## [TASK OBJECTIVE]
Only one stretch of the data below should be repeated: the lines from the line containing "リップリポジショニング（上唇" through the line containing "A Few of the", inclusive, exactly as they are.
** DATA follows **
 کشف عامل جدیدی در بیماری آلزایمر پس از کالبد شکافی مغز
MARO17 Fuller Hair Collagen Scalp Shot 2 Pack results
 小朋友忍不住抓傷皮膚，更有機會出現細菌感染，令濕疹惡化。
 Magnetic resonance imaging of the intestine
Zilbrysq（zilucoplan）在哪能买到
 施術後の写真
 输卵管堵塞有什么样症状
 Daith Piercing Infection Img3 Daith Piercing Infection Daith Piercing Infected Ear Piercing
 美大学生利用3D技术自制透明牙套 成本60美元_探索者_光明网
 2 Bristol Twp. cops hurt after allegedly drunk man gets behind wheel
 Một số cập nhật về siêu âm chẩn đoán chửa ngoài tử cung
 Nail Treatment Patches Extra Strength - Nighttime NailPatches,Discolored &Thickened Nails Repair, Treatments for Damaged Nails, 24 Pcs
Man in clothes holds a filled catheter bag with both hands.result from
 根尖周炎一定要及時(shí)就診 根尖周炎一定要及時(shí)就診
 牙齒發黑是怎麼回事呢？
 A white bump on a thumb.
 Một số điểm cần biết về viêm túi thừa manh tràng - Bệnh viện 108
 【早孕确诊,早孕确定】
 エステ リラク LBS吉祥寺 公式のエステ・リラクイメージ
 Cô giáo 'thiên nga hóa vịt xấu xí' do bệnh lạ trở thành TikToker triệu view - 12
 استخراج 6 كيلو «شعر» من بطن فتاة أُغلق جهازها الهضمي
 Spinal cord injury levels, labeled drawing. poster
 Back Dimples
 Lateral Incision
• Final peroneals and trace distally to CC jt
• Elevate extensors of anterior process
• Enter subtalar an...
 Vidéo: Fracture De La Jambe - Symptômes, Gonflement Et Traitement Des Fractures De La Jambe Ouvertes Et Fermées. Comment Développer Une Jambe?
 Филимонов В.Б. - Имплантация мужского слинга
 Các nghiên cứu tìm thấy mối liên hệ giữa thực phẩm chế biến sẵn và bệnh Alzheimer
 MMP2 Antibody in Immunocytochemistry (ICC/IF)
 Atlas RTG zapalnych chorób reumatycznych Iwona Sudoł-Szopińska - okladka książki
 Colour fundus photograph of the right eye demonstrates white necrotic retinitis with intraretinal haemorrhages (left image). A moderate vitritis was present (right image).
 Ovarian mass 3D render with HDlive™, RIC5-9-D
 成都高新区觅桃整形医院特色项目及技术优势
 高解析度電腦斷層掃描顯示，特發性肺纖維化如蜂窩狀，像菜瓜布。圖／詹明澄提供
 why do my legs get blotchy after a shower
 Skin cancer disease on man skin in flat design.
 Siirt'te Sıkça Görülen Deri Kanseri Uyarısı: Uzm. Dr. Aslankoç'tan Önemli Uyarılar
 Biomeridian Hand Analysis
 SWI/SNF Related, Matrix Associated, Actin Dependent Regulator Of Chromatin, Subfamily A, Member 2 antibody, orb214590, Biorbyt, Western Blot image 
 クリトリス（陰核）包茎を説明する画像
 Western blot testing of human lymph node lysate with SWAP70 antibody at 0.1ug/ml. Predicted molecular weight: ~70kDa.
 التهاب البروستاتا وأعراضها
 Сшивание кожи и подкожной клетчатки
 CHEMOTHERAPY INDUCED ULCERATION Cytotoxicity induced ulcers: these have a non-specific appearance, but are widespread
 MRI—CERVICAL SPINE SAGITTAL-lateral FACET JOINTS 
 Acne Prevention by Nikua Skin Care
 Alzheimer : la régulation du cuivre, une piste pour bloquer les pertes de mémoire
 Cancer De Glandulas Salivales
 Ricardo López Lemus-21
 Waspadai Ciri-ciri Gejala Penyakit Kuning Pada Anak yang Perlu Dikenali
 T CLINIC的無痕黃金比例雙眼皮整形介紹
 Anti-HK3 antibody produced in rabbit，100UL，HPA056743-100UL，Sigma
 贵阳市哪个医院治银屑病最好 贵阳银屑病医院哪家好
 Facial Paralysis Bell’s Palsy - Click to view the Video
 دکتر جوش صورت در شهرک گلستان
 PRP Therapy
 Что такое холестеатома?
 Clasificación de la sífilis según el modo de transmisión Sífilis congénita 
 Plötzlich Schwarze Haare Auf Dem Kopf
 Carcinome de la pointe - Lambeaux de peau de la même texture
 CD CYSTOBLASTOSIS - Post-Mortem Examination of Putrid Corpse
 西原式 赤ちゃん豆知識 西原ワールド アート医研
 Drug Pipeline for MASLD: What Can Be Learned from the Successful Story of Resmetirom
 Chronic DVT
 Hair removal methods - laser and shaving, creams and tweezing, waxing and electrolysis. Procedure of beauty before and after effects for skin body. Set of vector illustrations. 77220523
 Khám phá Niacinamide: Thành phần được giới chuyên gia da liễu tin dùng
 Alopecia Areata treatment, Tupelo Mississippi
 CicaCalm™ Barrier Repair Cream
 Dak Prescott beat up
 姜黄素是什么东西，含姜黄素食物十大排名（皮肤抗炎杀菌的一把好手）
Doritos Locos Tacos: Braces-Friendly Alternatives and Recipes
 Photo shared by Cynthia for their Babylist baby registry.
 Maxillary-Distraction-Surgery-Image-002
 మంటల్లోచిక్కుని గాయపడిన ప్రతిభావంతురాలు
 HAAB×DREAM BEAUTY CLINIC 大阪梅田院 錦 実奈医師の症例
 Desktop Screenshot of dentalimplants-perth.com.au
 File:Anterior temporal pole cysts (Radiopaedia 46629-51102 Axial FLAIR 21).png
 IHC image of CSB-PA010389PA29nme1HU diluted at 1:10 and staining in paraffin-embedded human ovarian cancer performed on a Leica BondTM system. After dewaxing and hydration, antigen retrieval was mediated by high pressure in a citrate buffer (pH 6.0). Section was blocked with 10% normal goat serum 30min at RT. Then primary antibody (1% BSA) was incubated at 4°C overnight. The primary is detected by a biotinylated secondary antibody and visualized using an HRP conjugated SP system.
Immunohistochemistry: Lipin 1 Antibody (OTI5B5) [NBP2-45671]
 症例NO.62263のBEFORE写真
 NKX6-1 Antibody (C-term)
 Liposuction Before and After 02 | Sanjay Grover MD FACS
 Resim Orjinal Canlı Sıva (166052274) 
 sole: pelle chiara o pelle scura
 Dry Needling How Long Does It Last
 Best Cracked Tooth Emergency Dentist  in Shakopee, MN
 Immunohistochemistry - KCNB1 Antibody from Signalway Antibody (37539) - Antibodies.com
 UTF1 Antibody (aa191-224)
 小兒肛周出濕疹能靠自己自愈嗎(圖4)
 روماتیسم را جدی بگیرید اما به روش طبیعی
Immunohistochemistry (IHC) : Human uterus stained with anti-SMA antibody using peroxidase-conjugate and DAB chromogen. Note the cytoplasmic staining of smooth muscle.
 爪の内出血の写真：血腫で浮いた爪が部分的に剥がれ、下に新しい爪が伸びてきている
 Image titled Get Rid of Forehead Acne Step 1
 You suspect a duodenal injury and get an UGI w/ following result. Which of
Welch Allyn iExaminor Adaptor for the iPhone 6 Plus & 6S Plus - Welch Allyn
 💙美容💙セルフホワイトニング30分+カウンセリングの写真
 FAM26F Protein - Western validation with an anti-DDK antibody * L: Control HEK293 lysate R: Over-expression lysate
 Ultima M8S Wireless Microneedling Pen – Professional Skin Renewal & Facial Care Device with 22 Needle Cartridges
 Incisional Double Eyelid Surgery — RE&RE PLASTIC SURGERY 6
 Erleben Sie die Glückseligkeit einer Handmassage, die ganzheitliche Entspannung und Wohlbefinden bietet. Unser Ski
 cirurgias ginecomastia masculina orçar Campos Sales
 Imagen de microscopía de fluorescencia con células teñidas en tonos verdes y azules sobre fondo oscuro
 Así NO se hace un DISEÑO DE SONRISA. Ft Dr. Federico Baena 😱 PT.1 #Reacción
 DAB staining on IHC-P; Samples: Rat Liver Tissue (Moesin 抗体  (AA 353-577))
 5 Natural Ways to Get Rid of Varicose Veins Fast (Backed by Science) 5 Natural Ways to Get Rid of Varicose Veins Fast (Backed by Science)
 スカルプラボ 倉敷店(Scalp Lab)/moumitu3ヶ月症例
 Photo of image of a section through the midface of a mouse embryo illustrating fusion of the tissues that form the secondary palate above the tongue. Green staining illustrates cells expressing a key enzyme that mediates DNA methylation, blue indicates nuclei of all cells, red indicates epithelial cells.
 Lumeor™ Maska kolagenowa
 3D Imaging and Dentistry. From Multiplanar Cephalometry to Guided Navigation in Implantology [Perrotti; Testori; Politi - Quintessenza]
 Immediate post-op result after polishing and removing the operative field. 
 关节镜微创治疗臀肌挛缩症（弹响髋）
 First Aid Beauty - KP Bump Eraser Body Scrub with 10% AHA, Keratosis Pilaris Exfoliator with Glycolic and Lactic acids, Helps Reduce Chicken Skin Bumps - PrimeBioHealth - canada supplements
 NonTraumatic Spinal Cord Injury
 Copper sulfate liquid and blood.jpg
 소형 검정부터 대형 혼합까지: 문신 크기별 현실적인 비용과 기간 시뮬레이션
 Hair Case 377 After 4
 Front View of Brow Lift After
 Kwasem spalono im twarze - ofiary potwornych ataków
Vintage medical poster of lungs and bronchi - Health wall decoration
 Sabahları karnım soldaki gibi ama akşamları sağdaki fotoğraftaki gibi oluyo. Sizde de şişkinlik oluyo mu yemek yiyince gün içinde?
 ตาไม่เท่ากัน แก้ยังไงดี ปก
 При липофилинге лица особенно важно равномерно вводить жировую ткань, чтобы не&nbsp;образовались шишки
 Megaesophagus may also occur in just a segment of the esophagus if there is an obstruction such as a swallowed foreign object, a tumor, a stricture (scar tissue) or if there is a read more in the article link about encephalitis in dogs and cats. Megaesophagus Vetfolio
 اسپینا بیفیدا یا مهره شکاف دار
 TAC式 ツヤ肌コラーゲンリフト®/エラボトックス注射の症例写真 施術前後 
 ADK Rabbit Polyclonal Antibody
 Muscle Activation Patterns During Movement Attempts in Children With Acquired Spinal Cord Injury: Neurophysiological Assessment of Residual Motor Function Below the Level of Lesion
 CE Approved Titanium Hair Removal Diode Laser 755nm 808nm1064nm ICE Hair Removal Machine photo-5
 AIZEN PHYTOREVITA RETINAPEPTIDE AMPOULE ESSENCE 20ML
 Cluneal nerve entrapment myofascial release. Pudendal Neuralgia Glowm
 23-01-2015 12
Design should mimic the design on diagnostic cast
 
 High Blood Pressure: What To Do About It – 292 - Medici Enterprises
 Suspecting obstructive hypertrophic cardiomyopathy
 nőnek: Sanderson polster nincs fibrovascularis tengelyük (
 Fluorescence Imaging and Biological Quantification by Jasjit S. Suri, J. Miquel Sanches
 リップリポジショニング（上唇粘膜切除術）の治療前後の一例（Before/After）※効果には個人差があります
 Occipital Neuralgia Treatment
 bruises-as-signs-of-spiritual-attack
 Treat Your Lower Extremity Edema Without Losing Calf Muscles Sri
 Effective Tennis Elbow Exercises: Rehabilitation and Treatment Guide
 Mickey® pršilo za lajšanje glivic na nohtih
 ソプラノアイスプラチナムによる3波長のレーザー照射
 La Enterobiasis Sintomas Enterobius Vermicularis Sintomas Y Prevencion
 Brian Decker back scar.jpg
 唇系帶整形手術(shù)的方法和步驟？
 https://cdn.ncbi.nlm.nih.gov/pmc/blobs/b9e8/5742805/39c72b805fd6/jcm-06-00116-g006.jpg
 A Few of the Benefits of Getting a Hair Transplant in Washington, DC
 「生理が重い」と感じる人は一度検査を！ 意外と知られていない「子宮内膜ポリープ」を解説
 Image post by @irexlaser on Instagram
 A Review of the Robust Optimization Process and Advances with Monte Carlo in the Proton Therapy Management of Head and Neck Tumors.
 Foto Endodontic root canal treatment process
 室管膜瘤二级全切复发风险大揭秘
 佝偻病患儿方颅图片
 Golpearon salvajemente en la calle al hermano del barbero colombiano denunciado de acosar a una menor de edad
** End of DATA **
## [TASK RESPONSE]
 リップリポジショニング（上唇粘膜切除術）の治療前後の一例（Before/After）※効果には個人差があります
 Occipital Neuralgia Treatment
 bruises-as-signs-of-spiritual-attack
 Treat Your Lower Extremity Edema Without Losing Calf Muscles Sri
 Effective Tennis Elbow Exercises: Rehabilitation and Treatment Guide
 Mickey® pršilo za lajšanje glivic na nohtih
 ソプラノアイスプラチナムによる3波長のレーザー照射
 La Enterobiasis Sintomas Enterobius Vermicularis Sintomas Y Prevencion
 Brian Decker back scar.jpg
 唇系帶整形手術(shù)的方法和步驟？
 https://cdn.ncbi.nlm.nih.gov/pmc/blobs/b9e8/5742805/39c72b805fd6/jcm-06-00116-g006.jpg
 A Few of the Benefits of Getting a Hair Transplant in Washington, DC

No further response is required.